» AIM OF THE EXERCISE
Copy each line below word for word and drop every image.

» PROVIDED MATERIAL
----

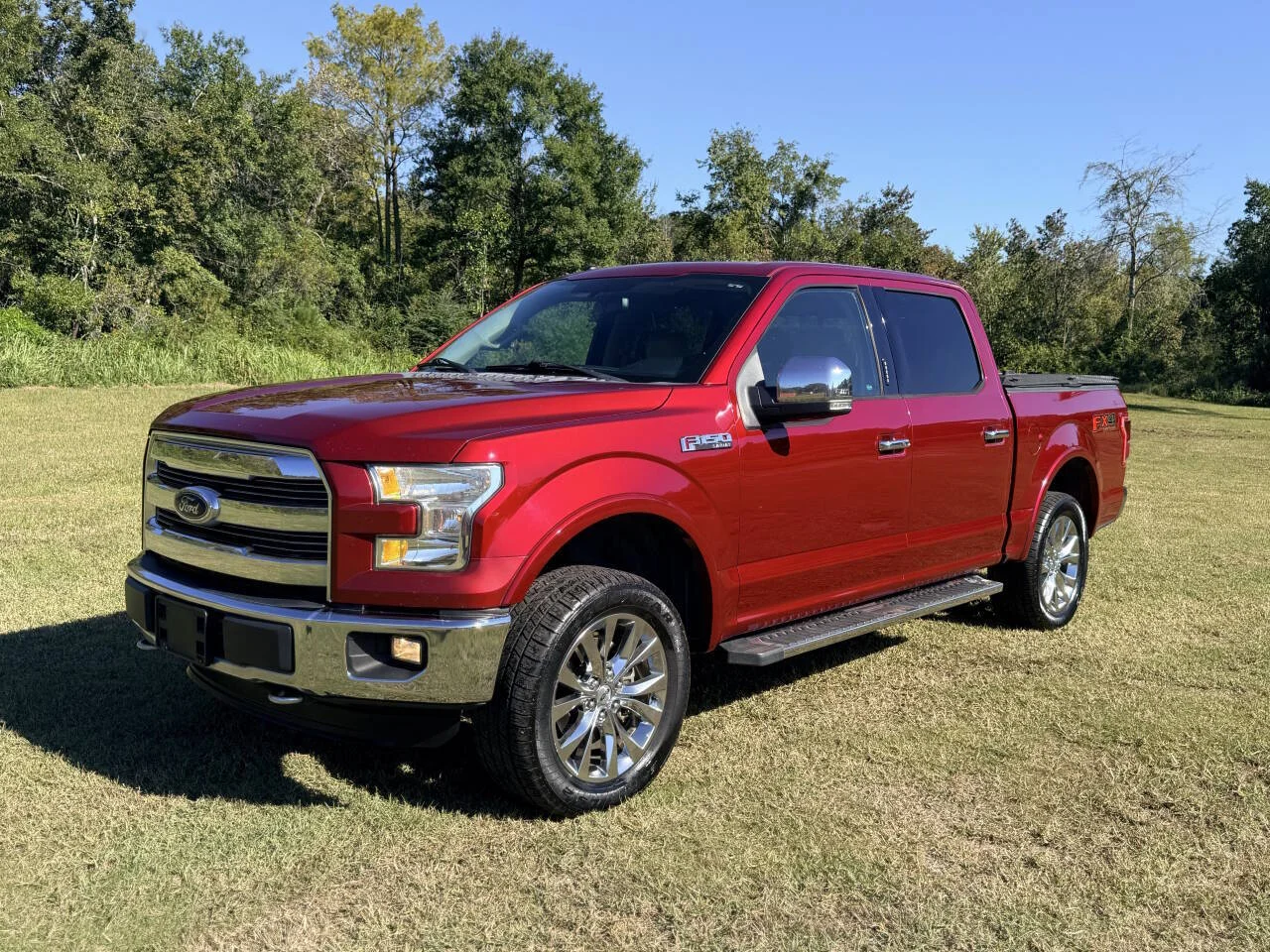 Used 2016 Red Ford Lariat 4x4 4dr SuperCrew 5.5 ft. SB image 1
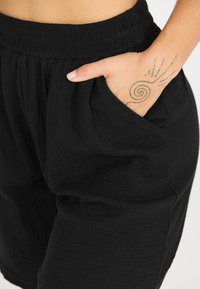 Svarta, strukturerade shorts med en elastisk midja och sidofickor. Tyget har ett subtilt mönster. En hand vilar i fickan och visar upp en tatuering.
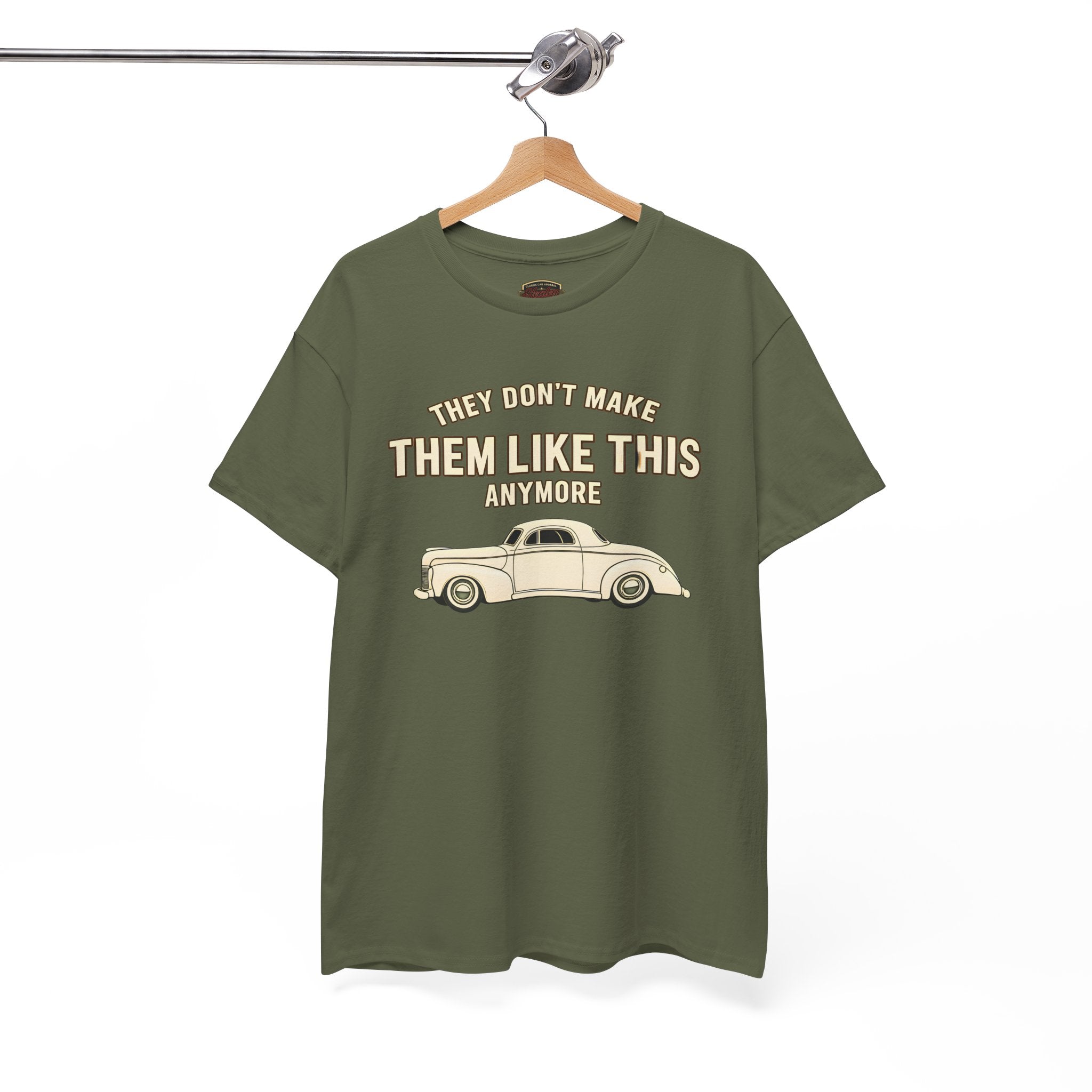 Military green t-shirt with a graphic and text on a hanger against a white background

----

» EXERCISE RESPONSE
 Used 2016 Red Ford Lariat 4x4 4dr SuperCrew 5.5 ft. SB image 1
 Svarta, strukturerade shorts med en elastisk midja och sidofickor. Tyget har ett subtilt mönster. En hand vilar i fickan och visar upp en tatuering.
 Military green t-shirt with a graphic and text on a hanger against a white background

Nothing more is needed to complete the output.